Stored items
____

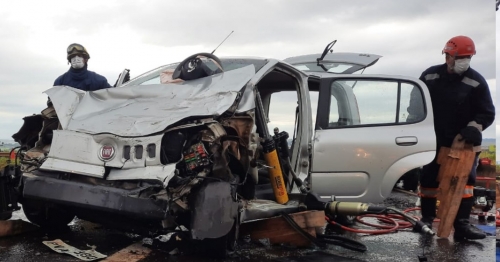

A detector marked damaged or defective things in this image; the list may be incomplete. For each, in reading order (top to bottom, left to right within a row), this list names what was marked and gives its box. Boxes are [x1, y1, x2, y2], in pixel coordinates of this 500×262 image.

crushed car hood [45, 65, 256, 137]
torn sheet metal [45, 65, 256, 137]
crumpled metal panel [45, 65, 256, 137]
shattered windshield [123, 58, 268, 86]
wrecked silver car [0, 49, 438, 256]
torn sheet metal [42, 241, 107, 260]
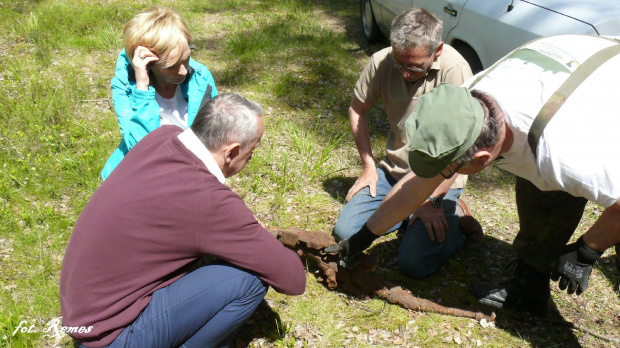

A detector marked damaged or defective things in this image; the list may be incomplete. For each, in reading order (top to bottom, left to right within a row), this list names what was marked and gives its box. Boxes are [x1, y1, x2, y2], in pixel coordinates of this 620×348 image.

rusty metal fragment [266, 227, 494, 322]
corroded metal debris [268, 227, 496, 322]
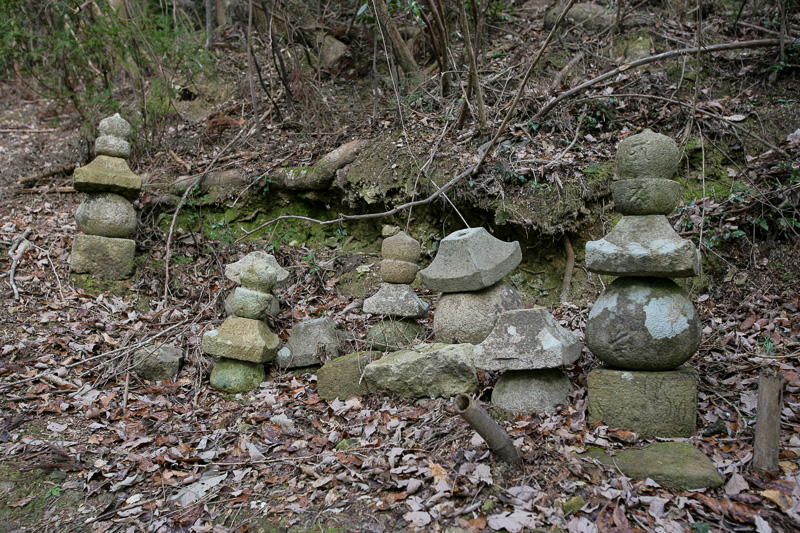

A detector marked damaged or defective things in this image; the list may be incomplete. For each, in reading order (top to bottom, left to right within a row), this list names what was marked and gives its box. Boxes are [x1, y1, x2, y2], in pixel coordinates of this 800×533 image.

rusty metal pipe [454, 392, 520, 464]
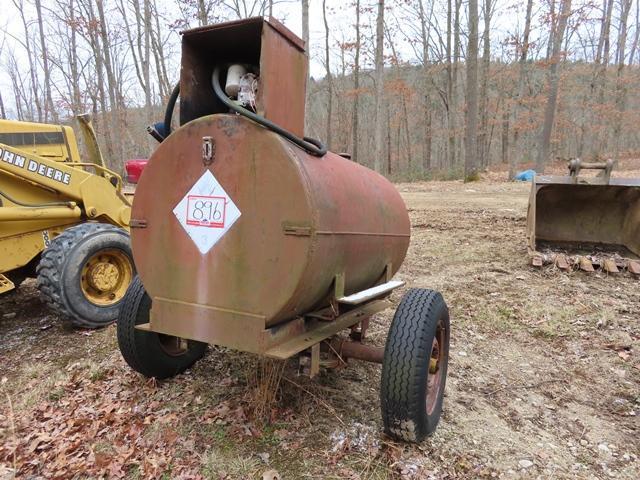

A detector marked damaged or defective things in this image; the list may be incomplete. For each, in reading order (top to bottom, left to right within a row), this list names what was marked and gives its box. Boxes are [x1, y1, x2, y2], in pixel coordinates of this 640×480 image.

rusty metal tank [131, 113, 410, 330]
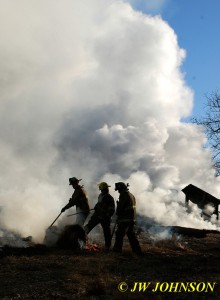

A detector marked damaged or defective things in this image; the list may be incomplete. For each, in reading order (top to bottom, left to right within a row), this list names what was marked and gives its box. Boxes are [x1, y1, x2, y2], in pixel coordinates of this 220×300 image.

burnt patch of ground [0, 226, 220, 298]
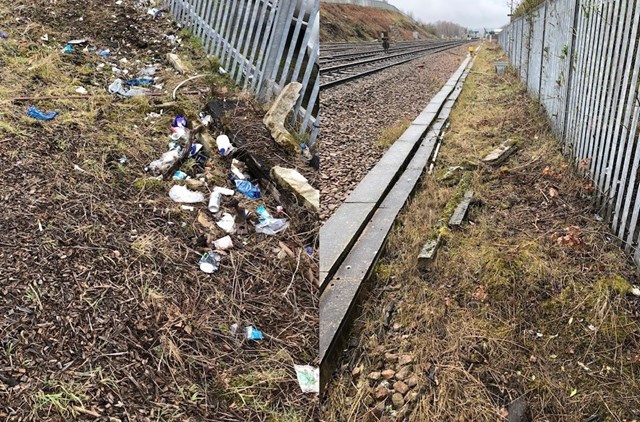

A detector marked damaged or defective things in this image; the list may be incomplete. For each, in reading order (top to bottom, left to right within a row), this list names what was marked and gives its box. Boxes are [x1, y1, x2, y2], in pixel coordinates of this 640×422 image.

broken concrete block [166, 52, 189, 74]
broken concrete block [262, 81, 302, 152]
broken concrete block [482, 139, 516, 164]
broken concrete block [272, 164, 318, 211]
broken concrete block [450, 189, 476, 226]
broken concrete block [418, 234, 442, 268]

____

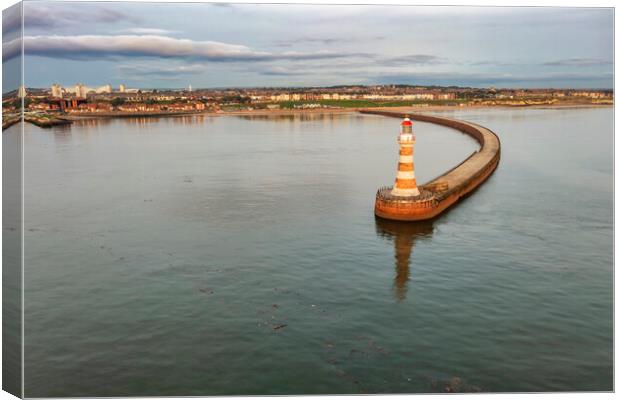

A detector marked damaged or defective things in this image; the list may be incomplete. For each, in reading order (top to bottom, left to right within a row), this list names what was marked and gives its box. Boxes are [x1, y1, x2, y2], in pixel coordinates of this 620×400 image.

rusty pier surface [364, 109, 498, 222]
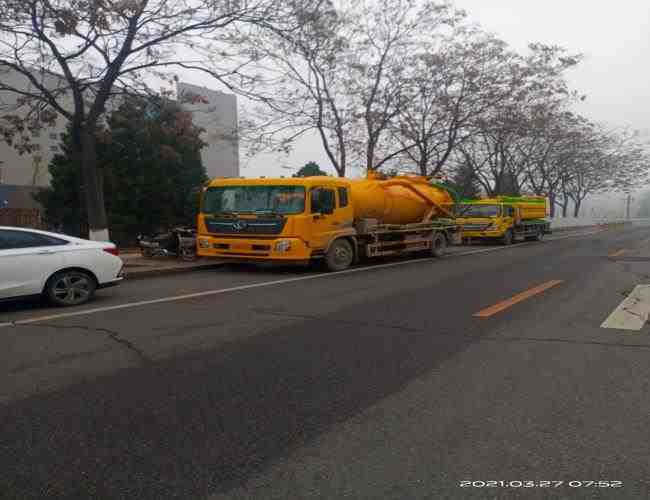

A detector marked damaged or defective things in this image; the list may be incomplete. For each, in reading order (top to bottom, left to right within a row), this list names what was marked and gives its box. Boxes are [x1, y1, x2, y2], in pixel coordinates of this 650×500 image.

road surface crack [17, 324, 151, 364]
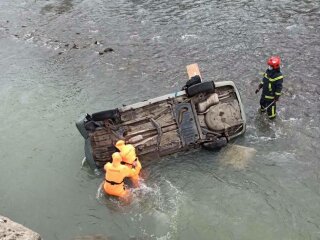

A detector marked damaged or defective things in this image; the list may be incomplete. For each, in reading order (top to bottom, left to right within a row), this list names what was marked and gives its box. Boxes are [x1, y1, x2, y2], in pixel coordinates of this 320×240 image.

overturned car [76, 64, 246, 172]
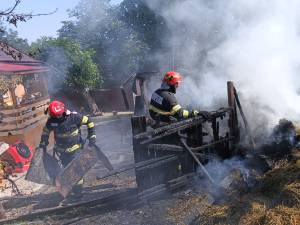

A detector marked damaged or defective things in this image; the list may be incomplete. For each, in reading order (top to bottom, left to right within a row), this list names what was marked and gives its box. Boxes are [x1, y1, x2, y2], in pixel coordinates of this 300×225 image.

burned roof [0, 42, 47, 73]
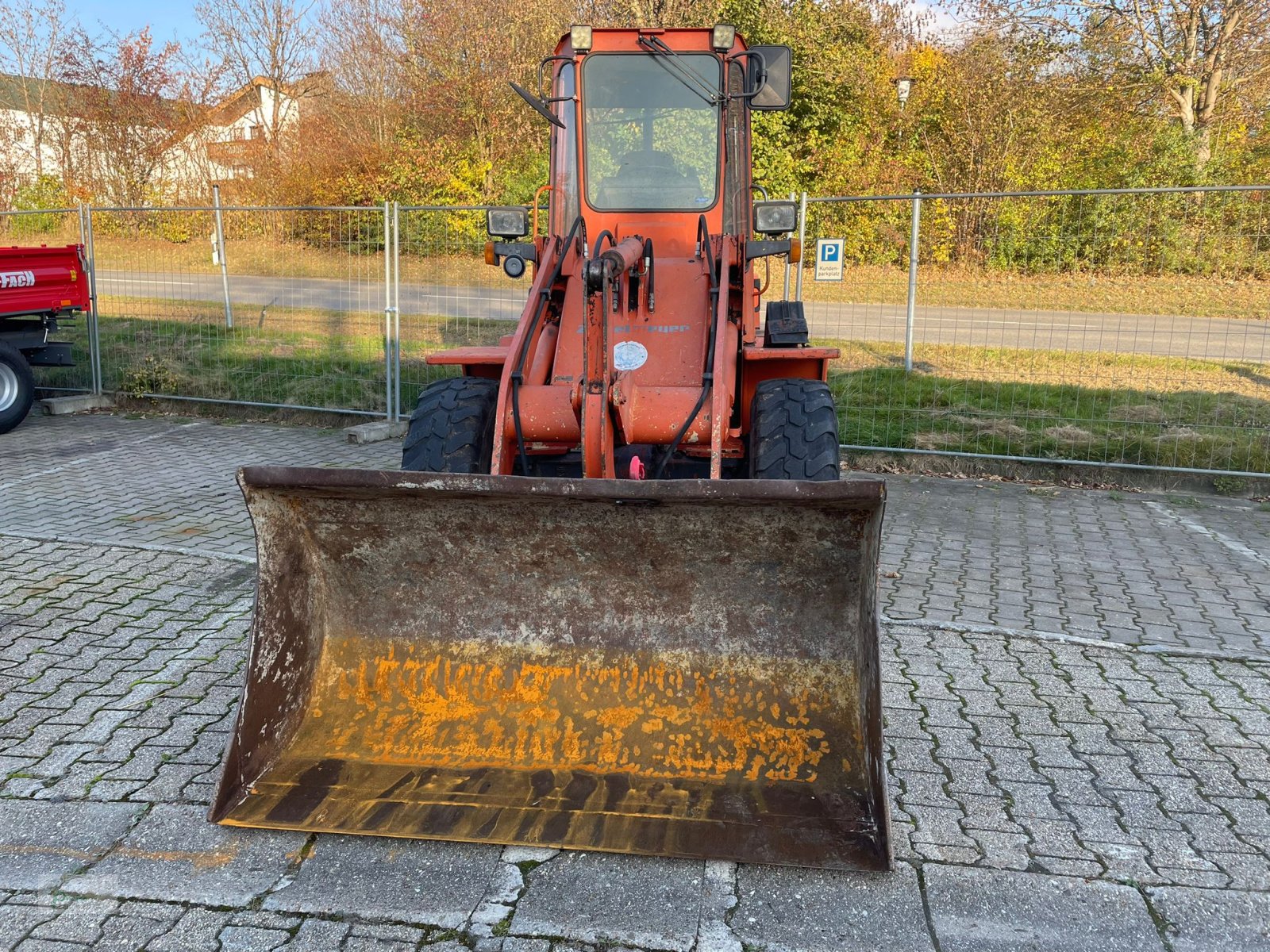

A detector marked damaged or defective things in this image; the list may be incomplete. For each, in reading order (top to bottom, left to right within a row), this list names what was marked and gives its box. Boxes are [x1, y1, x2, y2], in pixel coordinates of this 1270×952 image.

____

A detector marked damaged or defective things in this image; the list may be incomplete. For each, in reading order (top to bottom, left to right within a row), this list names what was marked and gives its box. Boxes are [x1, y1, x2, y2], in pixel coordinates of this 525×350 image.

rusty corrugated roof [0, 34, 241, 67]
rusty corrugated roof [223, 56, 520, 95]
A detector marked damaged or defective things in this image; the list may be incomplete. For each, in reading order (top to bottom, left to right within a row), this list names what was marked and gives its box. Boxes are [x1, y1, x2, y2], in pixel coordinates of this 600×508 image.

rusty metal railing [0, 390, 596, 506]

____

Assignment
Look back at the data above, then output exactly the lines from the line holding "this 650×500 image." up to and including the line holding "this 1270×952 image.". Leave out the pictures.

Written solution
A detector marked damaged or defective things in this image; the list may be incomplete. For each, in reading order (top to bottom, left to right within a row), this list names what was marked and gives its box. Boxes are [x1, y1, x2, y2], in pixel coordinates of this 650×500 image.

road surface crack [17, 324, 151, 364]

A detector marked damaged or defective things in this image; the list may be incomplete. For each, in reading order (top to bottom, left to right within a row), this list names what was marked and gives its box. Boxes are [x1, y1, x2, y2], in pixel coordinates of this 320×240 image.

overturned car [76, 64, 246, 172]

A detector marked damaged or defective things in this image; the list may be incomplete. For each, in reading order (top to bottom, left to right within a row), this list names what was marked and gives its box. Boxes are [x1, y1, x2, y2], in pixel coordinates of this 300×225 image.

burned roof [0, 42, 47, 73]

A detector marked damaged or defective things in this image; the list may be incomplete. For each, in reading order (top to bottom, left to right within a row), this list names what was marked and gives its box. Boxes are [x1, y1, x2, y2], in pixel coordinates of this 1270×952 image.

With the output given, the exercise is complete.